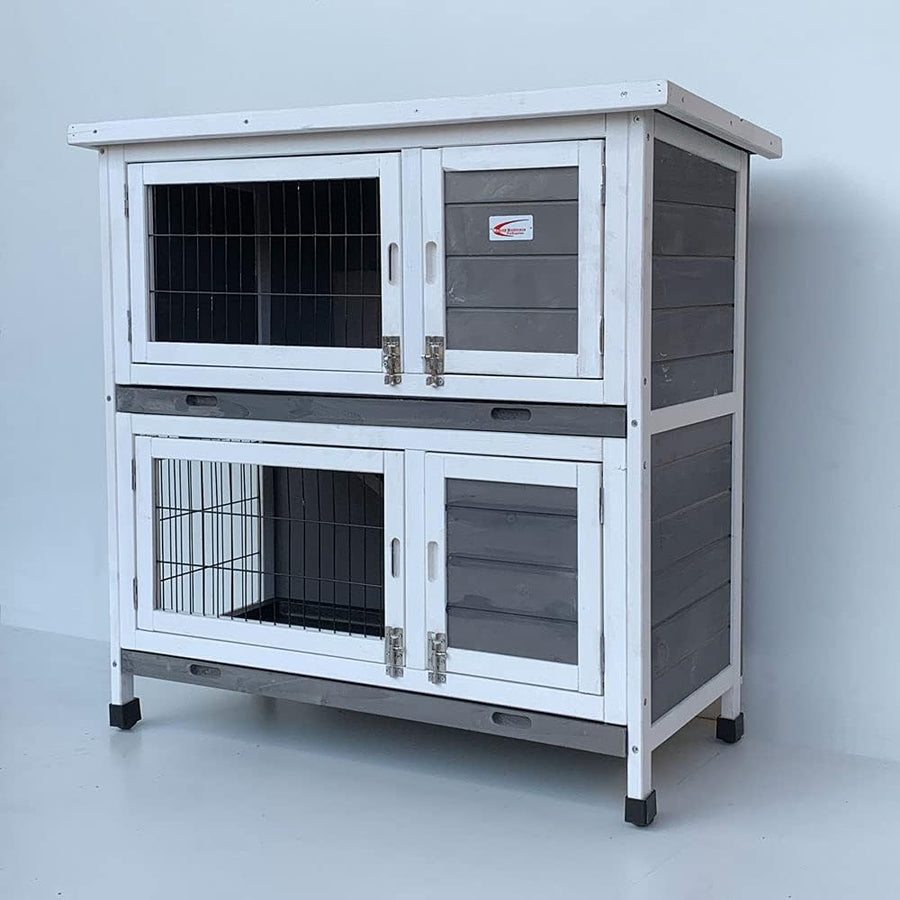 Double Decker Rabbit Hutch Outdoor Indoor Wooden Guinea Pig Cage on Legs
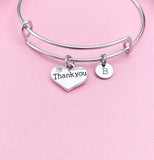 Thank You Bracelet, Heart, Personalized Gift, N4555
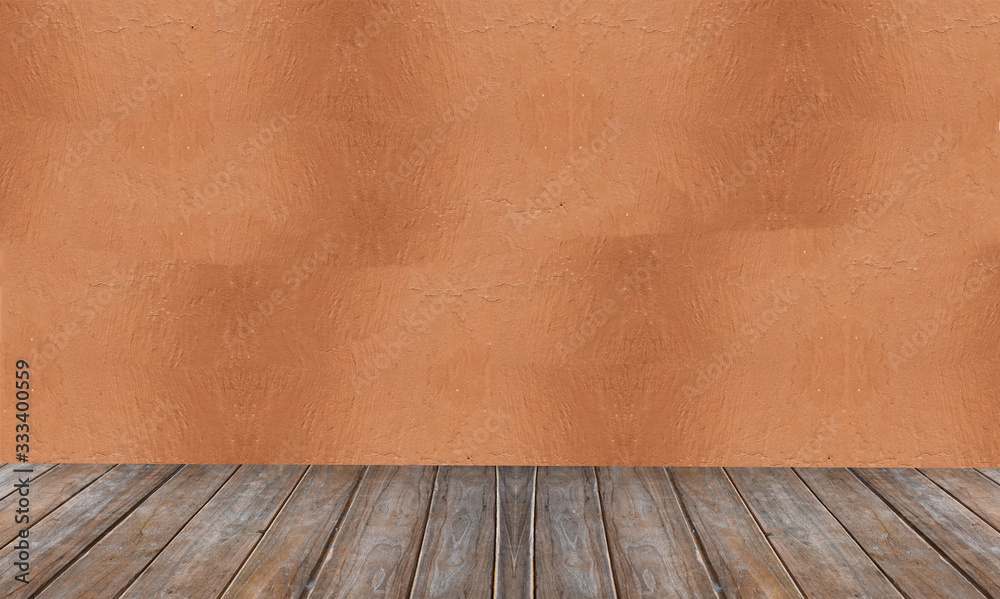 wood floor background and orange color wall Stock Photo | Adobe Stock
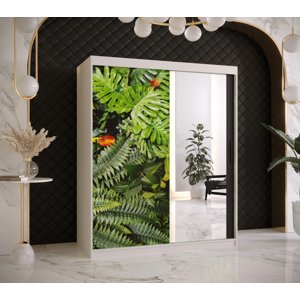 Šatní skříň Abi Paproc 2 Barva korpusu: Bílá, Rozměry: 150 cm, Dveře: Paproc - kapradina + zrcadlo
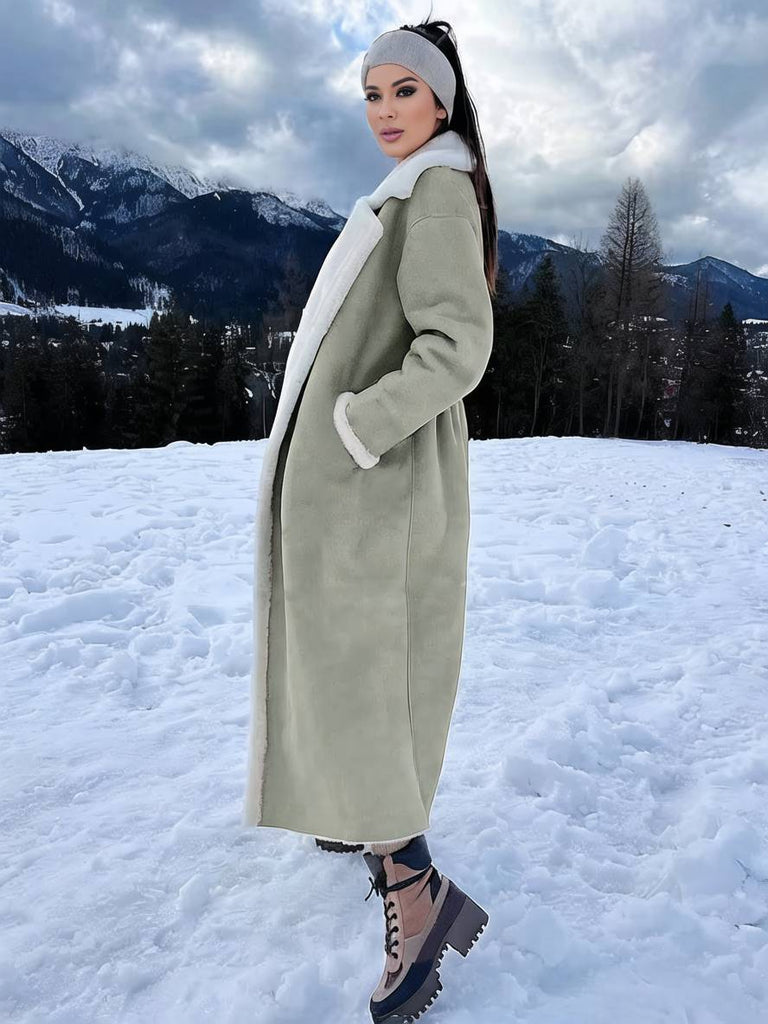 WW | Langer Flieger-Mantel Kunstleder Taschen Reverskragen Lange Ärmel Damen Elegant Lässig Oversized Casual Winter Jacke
* * *
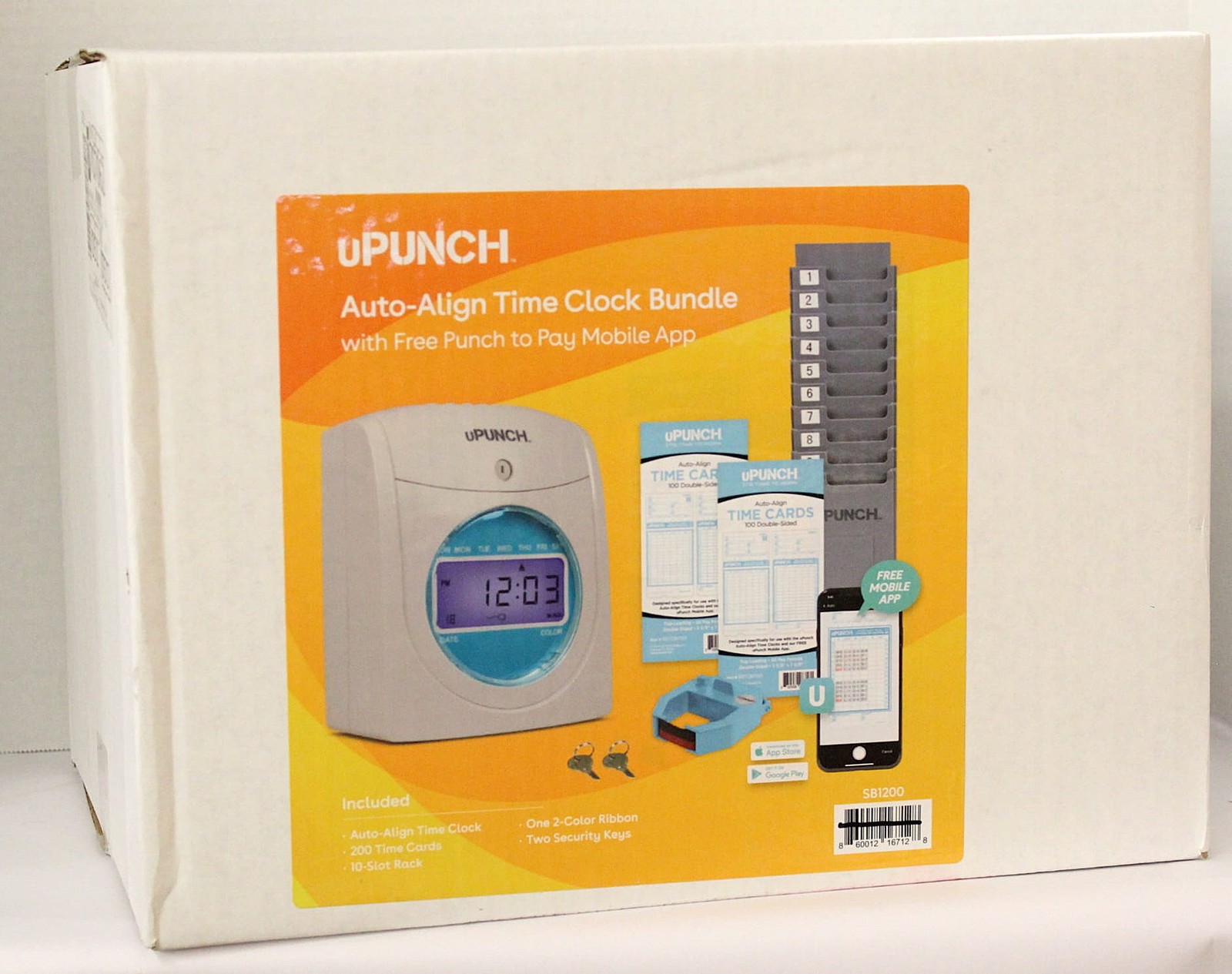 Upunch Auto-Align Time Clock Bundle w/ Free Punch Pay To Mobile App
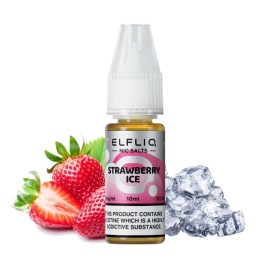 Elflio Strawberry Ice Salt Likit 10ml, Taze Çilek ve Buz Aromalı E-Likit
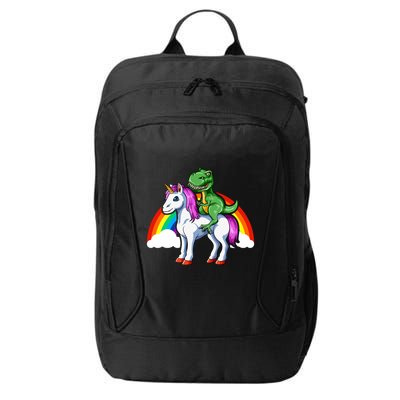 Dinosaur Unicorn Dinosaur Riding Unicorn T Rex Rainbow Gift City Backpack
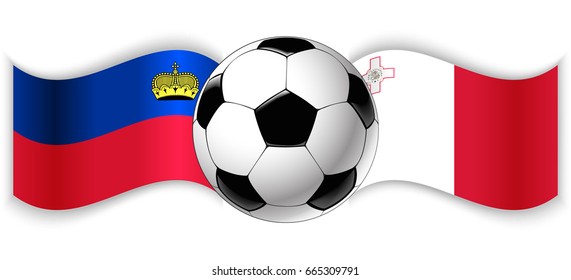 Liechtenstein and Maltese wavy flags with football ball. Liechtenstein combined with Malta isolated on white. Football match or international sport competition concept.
==
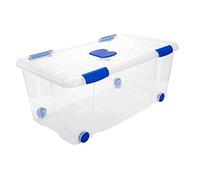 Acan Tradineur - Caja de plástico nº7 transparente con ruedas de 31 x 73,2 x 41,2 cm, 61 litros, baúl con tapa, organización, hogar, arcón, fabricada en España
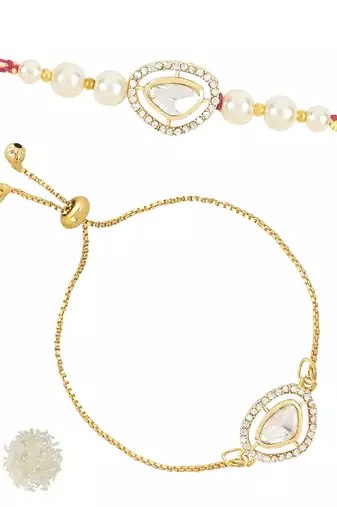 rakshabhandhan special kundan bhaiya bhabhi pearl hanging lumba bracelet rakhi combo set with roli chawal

- **ABOUT THIS EXERCISE**: Only the lines above starting with the line with "wood floor background" and going on through the line with "WW | Langer" belong in the answer; repeat them exactly, minus any picture.

- **RESULT**:
 wood floor background and orange color wall Stock Photo | Adobe Stock
 Šatní skříň Abi Paproc 2 Barva korpusu: Bílá, Rozměry: 150 cm, Dveře: Paproc - kapradina + zrcadlo
 WW | Langer Flieger-Mantel Kunstleder Taschen Reverskragen Lange Ärmel Damen Elegant Lässig Oversized Casual Winter Jacke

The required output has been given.